Haunting music played on radios and through loudspeakers each day during the heart of the war. The music alerted people to information to be shared. And then there was no information, a solemn “tick – tick – tick” of a metronome broadcast to everyone that ‘St Petersbrg was still alive.” We walked silently through the memorial, reading the inscriptions illuminated by candlelight. “Tick-tick-tick” the metronome resonated.

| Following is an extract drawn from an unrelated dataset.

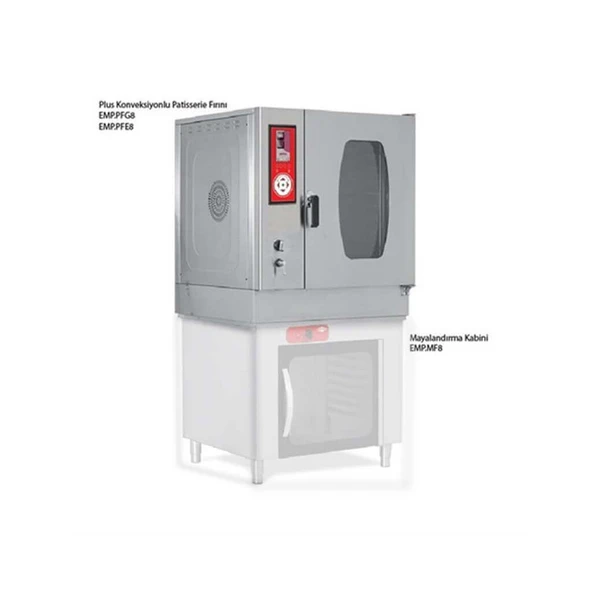 Empero EMP.PFE8 Konveksiyonel Patisserie Fırını - Elektrikli (8-40x60 tepsi kapasiteli)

Rain had begun to fall as we departed the memorial and drove through historical buildings to Orphanage 2. Known by all as a precious gem in the city, this orphanage has children aged 3-12, living in small group settings. Our time was one of celebration for the orphanage, for Sasha had received gifts from her “forvever family,” a mom and dad and brother awaiting her arrival in a few short months. Two other children currently being considered for adoption received gifts from families in the United States. There were cheers and candy for everyone. Lots of smiles. But my heart wanted to cover a young lady named Sasha. With dark eyes, a huge smile and deep dimples, she could make any heart melt. And she wants so badly to be adopted. She has a little brother, and Buckner is trying to keep the sibling group together. I pray her day will come soon.
There’s also Andre – a talk, shy tender young man who wants to sit and talk. He too wants to know the love of a family. My heart breaks as it fall more and more in love with these kids. We give hugs and kisses one last time before leaving, and I walk around the orphanage, I hear the rap on the window above me as Sasha stands and waves. She runs from window to window, stopping to rap, wave and smile. Oh, how I wish I could simply open that sash, and take her with me!
We drive away as night falls on the city. I hear the “tick-tick-tick” reminding me of life – and I pray that life is good for this city, for these orphans.